East Asian Languages and Cultures Courses

In this course we compare the cultural traditions of tea in China and Japan. In addition, using tea as the case study, we analyze the mechanics of the flow of culture across both national boundaries and social practices (such as between poetry and the tea ceremony). Understanding the tea culture of these countries informs students of important and enduring aspects of both cultures, provides an opportunity to discuss the role of religion and art in social practice, provides a forum for cultural comparison, and provides as well an example of the relationship between the two countries and Japanese methods of importing and naturalizing another country's social practice. Korean tea traditions are also briefly considered. 

This course will explore some of the most difficult bioethical issues confronting the world today from the perspective of traditional values embedded in the cultural history of India, China, and Japan as evidenced in their religions, legal codes, and political history. Possible topics include population control, abortion, sex-selection, euthanasia, suicide, genetic manipulation, brain-death, and organ transplants.

The course will introduce students to narratives about illness, disease and healing written by patients, physicians, caretakers, and others. These narratives report an experience. They reveal the interactions between the unfolding life of the patient and the shifting social meanings attached to illness. We will study the relationships between illness and society through readings of fiction, memoir, films, essays and graphic novels in order to understand how these varied forms of storytelling organize and give meaning to crucial questions about embodiment, disability and emergent forms of sociality enabled by our bodily vulnerabilities.
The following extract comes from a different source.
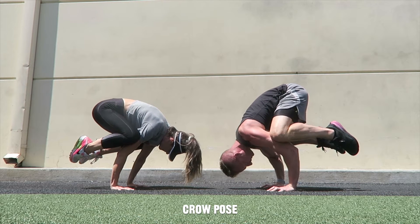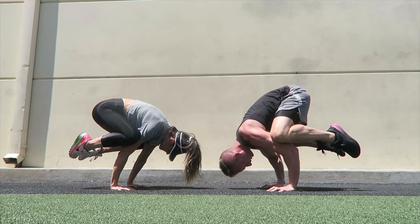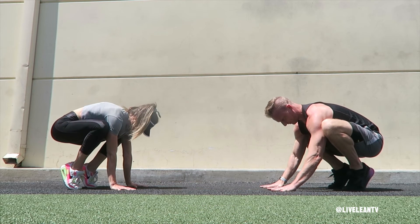The crow pose is an arm balancing pose that requires arm and core strength. To get started, squat down and place your hands on the floor inside your feet at approximately shoulder width. Spread your fingers wide apart to grip the floor.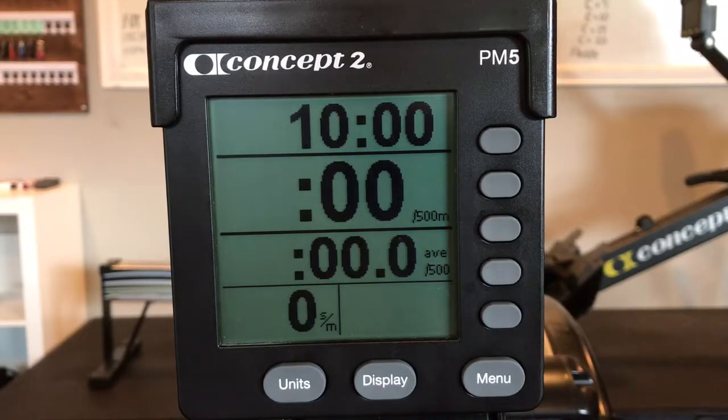Make sure you either write down or display the details of the workout so that you can follow it accordingly. Your score is total meters.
A study of the Buddhist tradition as it is found today in Asia. The course will focus on specific living traditions of East, South, and/or Southeast Asia. Themes to be addressed may include contemporary Buddhist ritual practices; funerary and mortuary customs; the relationship between Buddhism and other local religious traditions; the relationship between Buddhist institutions and the state; Buddhist monasticism and its relationship to the laity; Buddhist ethics; Buddhist "modernism," and so on.

This course offers a cultural history of encounters between Russia and Asia in literature, film and visual art. The lenses of Orientalism, Eurasianism and Internationalism will be used to analyze Russian interactions with three spaces: the Caucasus, Central Asia, and East Asia. We will discuss works by classic Russian writers and artists (including Tolstoy, Blok and Platonov) that address the question of Russia’s engagement with Asia and consider Russia’s ambiguous spatial identity between Europe and Asia. We will also examine responses to Russian culture and the Russian/Soviet state in the literature and culture of China (Lu Xun, Xiao Hong), Japan (Kurosawa), Central Asia (Aitmatov) and the Caucasus (Sadulaev). All readings in English.

This course is a capstone experience that centers on the philosophies and religions of East Asia examined from multiple theoretical perspectives. It comprises several thematic units within which a short set of readings about theory are followed by chronologically arranged readings about East Asia. Themes will alternate from year to year but may include: ritual and performance studies; religion and evolution; definitions of religion and theories of its origins; and the role of sacrifice.